## About this exercise
Retyping should cover only the lines from the one containing "Camdenton, Missouri, 65020, United" through the final line of the records, with pictures omitted.

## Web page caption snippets

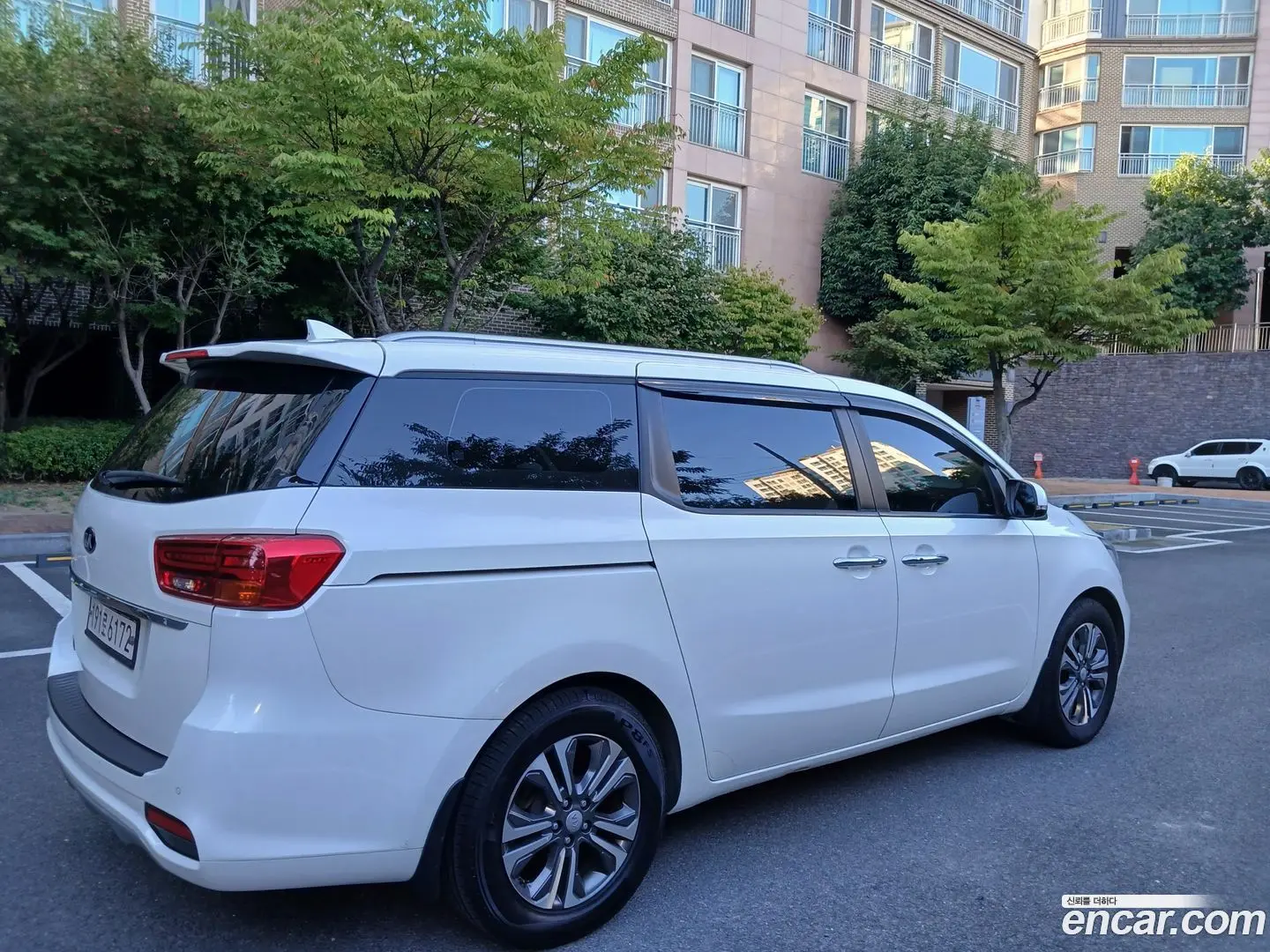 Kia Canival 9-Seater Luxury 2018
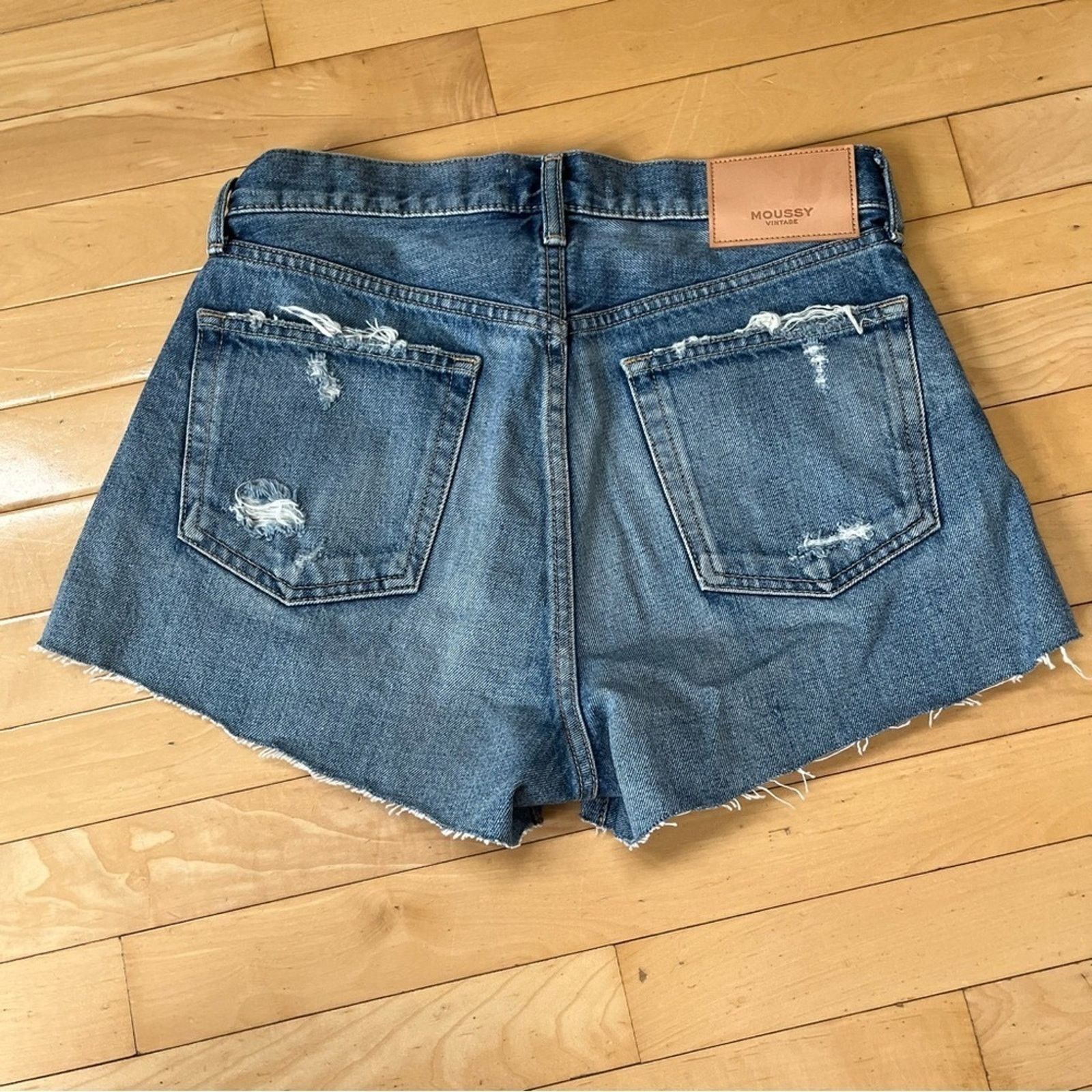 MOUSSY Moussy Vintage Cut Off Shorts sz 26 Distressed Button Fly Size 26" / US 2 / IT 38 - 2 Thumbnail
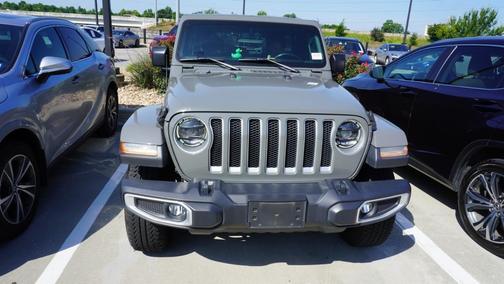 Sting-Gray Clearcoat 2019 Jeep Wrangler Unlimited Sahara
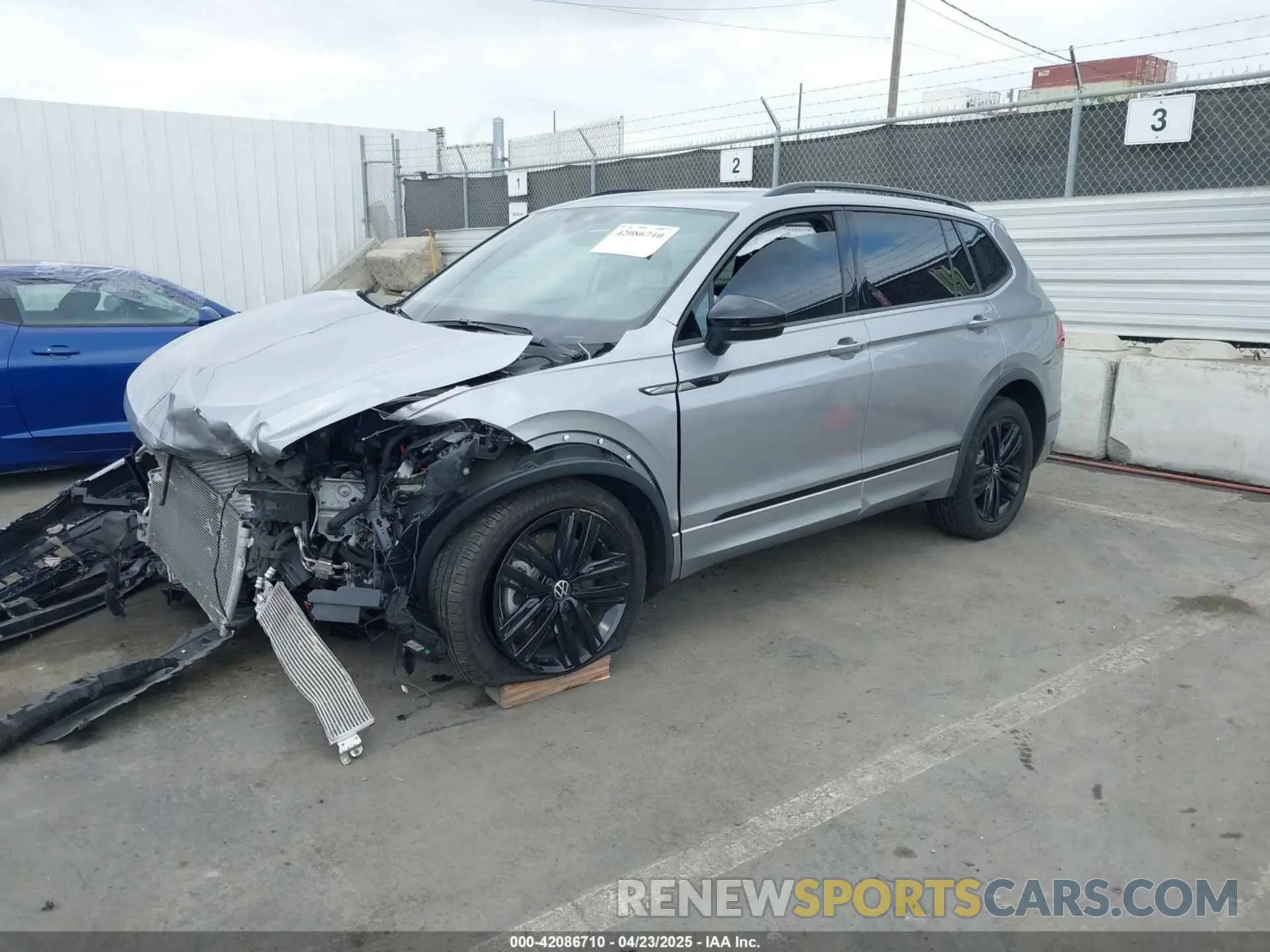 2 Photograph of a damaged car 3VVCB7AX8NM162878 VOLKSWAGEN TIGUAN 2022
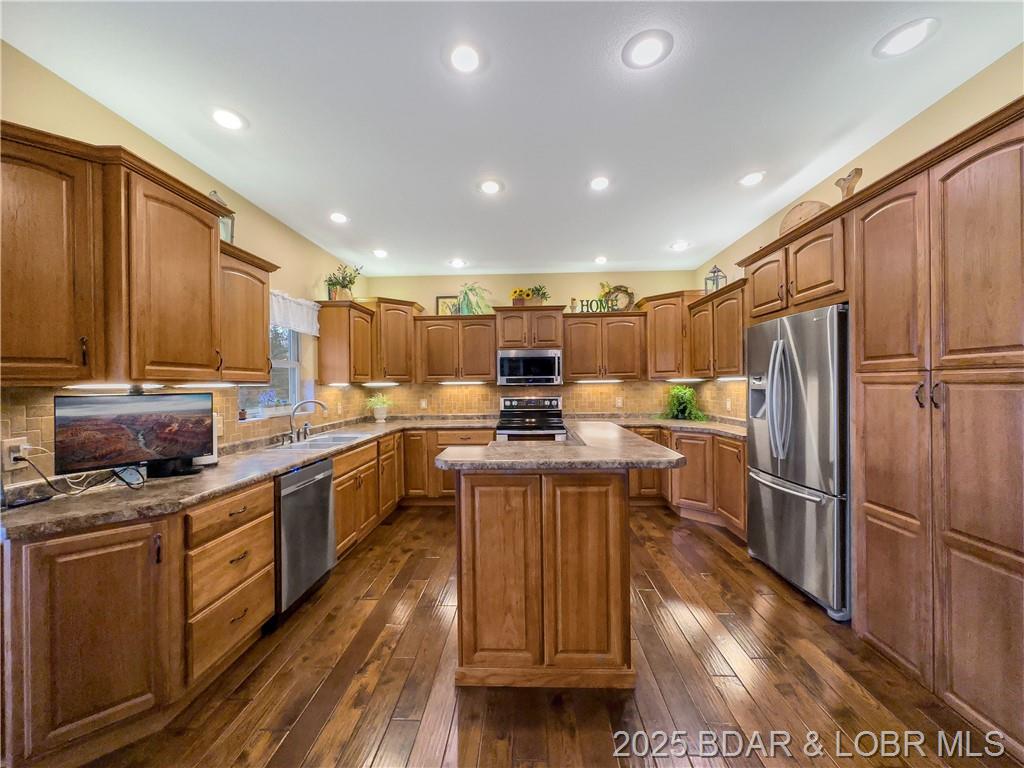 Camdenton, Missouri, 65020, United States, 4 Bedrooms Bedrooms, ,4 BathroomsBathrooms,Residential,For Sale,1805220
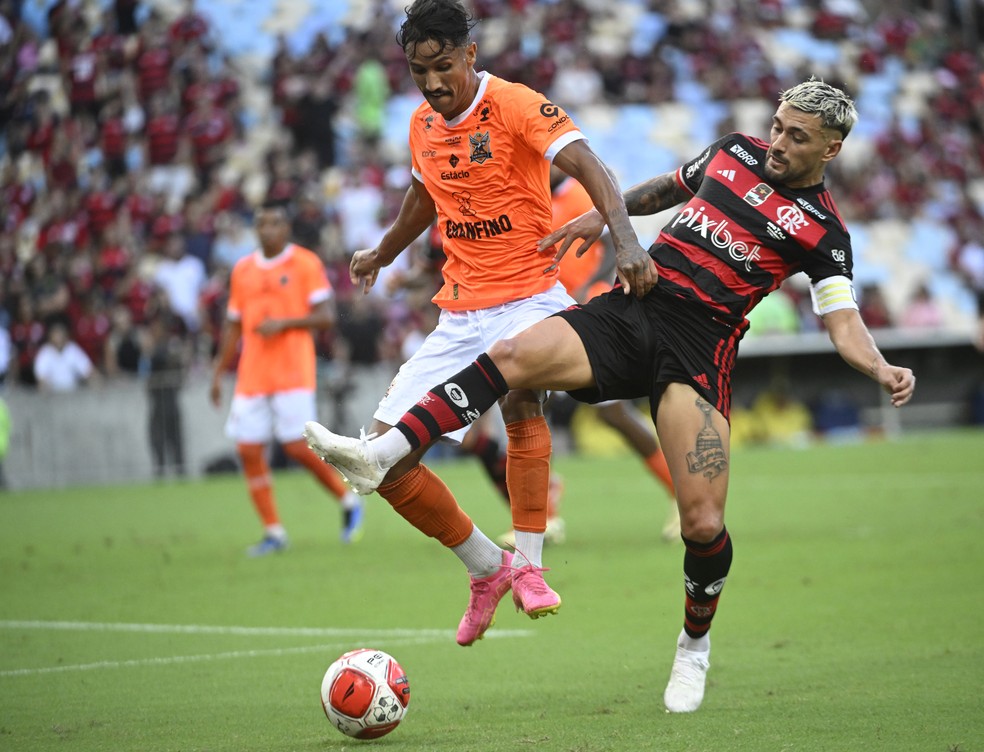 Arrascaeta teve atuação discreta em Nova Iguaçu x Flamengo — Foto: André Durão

## Response for this exercise
 Camdenton, Missouri, 65020, United States, 4 Bedrooms Bedrooms, ,4 BathroomsBathrooms,Residential,For Sale,1805220
 Arrascaeta teve atuação discreta em Nova Iguaçu x Flamengo — Foto: André Durão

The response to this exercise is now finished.